From the Capitol steps, Democrats applauded each other and repeated their mantra of the year — “Do your job.”
The setting allowed them to point out the Supreme Court across the lawn, which is operating with eight members after the death of Justice Antonin Scalia in February.
Republicans have said they will not hold hearing on President Obama’s pick to replace Scalia, Judge Merrick Garland. They want the next president to fill the vacancy, so the American people have a say.
Democrats said Mr. McConnell’s refusal to take up the nominee is a dereliction of duty that allows conflicts in the lower courts to languish.
“The Supreme Court must resolve these conflicts and settle the law,” Rep. G.K. Butterfield, North Carolina Democrat, said.

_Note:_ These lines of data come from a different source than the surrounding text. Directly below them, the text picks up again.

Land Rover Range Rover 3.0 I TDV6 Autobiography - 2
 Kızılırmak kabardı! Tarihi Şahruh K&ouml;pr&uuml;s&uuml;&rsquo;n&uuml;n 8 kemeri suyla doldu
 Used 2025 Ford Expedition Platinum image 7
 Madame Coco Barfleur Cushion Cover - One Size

Notably absent from their to-do list was the unfolding crisis in Puerto Rico, where officials say they cannot pay $72 billion in bond debt and need restructuring powers from Congress.
Democrats linked arms with GOP members and pushed a rescue bill through the House Natural Resources Committee on a 29-10 vote Wednesday.
The bill, which imposes an oversight board to review the territorial government’s decisions and petition for debt restructuring, must still clear the full House and then the Senate before it reaches Mr. Obama.
Top Democrats and the Treasury say the latest version of the legislation is the best they can do in a divided Congress.
Yet Rep. Luis Gutierrez, Illinois Democrat, and Sen. Robert Menendez, New Jersey Democrat, rejected that view at a joint news conference Thursday, saying the board of seven appointed members is too powerful and tilted toward GOP representation.
They will demand changes or else reject the measure, even as Puerto Rico nears a July 1 deadline to pay creditors $1 billion.
“I don’t believe in being jammed for a bad bill,” Mr. Menendez said.
For his part, Mr. Reid has cautioned his troops to hold their fire until the House sends over a finished product.
“Let’s wait until we get the bill before we start choosing sides,” he told reporters earlier this week.